Perhaps this is to complicated for your use, but if your not doing it like that then your gonna need an 2d array...

Message was edited by:

prigas

prigasa at 2007-7-12 3:33:01 > top of Java-index,Java Essentials,Java Programming...
# 2

Ok, I see where you are coming from. I understand how to use tokenizers to break up the string, or even using the String.split method. However, when I break my string up, how do I say name = (1st part of string), address = (2nd part of string) and so on ? I'm not sure if I'm being clear here....

Thanks.

vinceJa at 2007-7-12 3:33:01 > top of Java-index,Java Essentials,Java Programming...
# 3

Okay, I thought you said you knowd that part.. Anyhow I suggest using String.split().

Example:

String s = "Jim X Street 01/01/01 Plumber 20000";

Like this: String array[] = s.split(" ");

Now it should split at each "space" it gets to, then you get the first word by:

String firstWord = array[0];

This is what you wondered right?

prigasa at 2007-7-12 3:33:02 > top of Java-index,Java Essentials,Java Programming...
# 4

Ah, I think I understand...

So if I broke the string into 5 parts, I'd have:

String name = array[0]

String address = array[1]

etc

etc

etc

Or does this mean there are 5 separate arrays (1 for each column heading), would my array read like this -

[0] - [Name] [Address]..........[Salary]

[1]- [Name2] [Address2] ...[Salary2]

What I'm trying to figure out is how my data is stored, so I can then do a lookup for a certain job or address or salary etc

Or perhaps do a search for a particular name and display all their details.
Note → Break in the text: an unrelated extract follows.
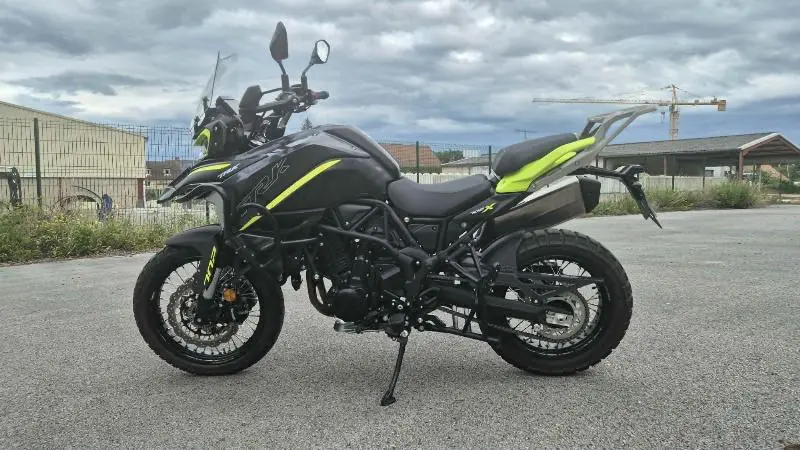TRK 702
If they were in separate arrays, would this even be possible?

Cheers

vinceJa at 2007-7-12 3:33:02 > top of Java-index,Java Essentials,Java Programming...
# 5

Here, I wrote you an complete example.

The only thing you need to do now is write these two rows into an file named file.txt and save it at C:

Jim XStreet 01/01/01 Plumber 20000

Bob YRoad 06/06/90 Doctor 60000

Also if you wanna use spaces at the X and Y, then I suggest that you use something else as an seperator like: ';' or '&' or simular instead of space.

I hope this helps as well as aint to complicated...

The poeple class:

public class People {

private String name;

private String address;

private String birthDate;

private String occupation;

private String Wage;

public String getAddress() {

return address;

}

public void setAddress(String address) {

this.address = address;

}

public String getBirthDate() {

return birthDate;

}

public void setBirthDate(String birthDate) {

this.birthDate = birthDate;

}

public String getName() {

return name;

}

public void setName(String name) {

this.name = name;

}

public String getOccupation() {

return occupation;

}

public void setOccupation(String occupation) {

this.occupation = occupation;

}

public String getWage() {

return Wage;

}

public void setWage(String wage) {

Wage = wage;

}

public People() {

}

}

The HandlingPeopleClass:

import java.io.BufferedReader;

import java.io.FileNotFoundException;

import java.io.FileReader;

import java.io.IOException;

import java.util.ArrayList;

import java.util.List;

public class HandlingPeopleClass {

private List<People> listOfPeople = new ArrayList<People>();

public HandlingPeopleClass() {

readPeopleFromFile();

for(int i = 0; i < listOfPeople.size(); i++) {

People people = new People();

people = (People) listOfPeople.get(i);

System.out.println(people.getName() + " " + people.getAddress() + " " + people.getBirthDate()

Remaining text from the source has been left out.